Если болезнь происходит просто от усталости, то больного держат на судне даже до 2 недель; если же больной не оправляется, то оставляют его в деревне или даже на берегу, вдали от жилья и без всякого пособия, а на его место на счет артели нанимается другой. Иногда судохозяева отсылают работника, даже еще здорового, но измученного и плохо едящего, возвратив ему паспорт, как только он отработает свой задаток. В больницу отправляют только труднобольных и то, если лазарет случится судну по пути; выбившимся же из сил предоставляют отправиться домой «как знают». Выздоровевшие выходят из больницы в самом жалком виде, без гроша денег и без куска хлеба, так, что на родину возвращаются совершенно нищими, питаясь по дороге милостыней».

В городе, на пристани, в ватаге действовали пусть и жестокие, но все-таки законы. В лесу, вдали от жилья, прав был сильнейший. Не удивительно, что появилась поговорка: «Собака, не тронь бурлака, бурлак сам собака».

И вообще «собачья» тема была накрепко прописана в бурлацком бытовом фольклоре. «Засобачивай!» — кричали бурлаки под конец «смены», после чего судно приставало на ночь к берегу. И пересказывали страшные рассказы про Собаку-барина — строгого помещика, державшего большую псарню.

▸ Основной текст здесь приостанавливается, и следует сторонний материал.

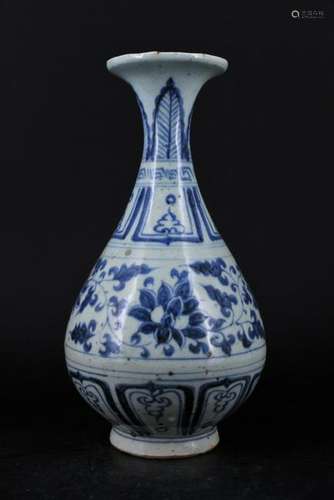 Ming Porcelain Blue&White Floral Vase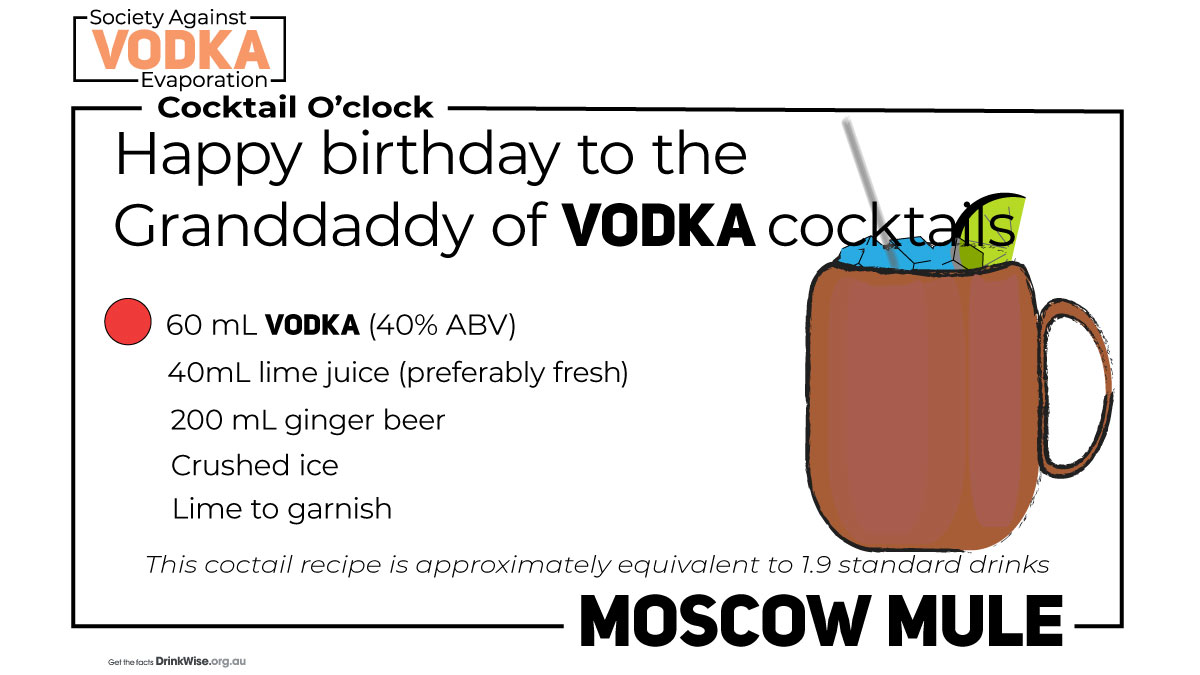 The grandfather of VODKA cocktails turns 80 this year. Not sure of the date so let’s party all year long.
Allegedly “the drink that started it all” — that is, VODKA’s popularity in the USA. #vodka #cocktails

А наш герой об этом вспоминал: «Сдержали. Двинулись, качаясь и задыхаясь… В глазах потемнело, а встречное течение, суводь — еще крутила посудину.

— Федька, пуделя! — хрипел Костыга. И сзади меня чудный высокий тенор затянул звонко и приказательно:

— Белый пудель шаговит…

— Шаговит, шаговит… — отозвалась на разные голоса ватага — и я тоже с ней.

И, установившись в такт шага, утопая в песке, мы уже пели черного пуделя.

— Черный пудель шаговит, шаговит… Черный пудель шаговит, шаговит.

И пели, пока не побороли встречное течение».

Впоследствии Владимир Алексеевич пытался вызнать — а при чем здесь пудель-то? Ну у него, конечно, ничего не вышло:

«— Так искони веки вечинские пуделя пели! Уж оченно подручно — белый — рванешь, черный — устроишься… И пойдешь, и пойдешь, и все под ногу.

— Так, но меня интересует самое слово пудель. Почему именно пудель, а не лягаш, не мордаш, не волкодав…

— Потому что мордаши медведей рвут за причинное место, волкодавы волков давят… У нашего барина такая охота была… То собаки, — а это пудель.

— Да ведь пудель тоже собака, — говорю.

— Ка-ак?.. А ну-ка, скажи еще… Я не дослышал…

Повторил старику, что пудель — это собака, порода такая. Оживился старик, задергался весь и говорит:

— Врешь ты все! Наша песня исконная, родная… А ты ко псу применяешь. Грех тебе!

— Что-то, Алеша (на всякий случай, Гиляровский представлялся чужим именем. — А.М.), ты заливаешь. Как это, песня — и пес? — сказал Костыга.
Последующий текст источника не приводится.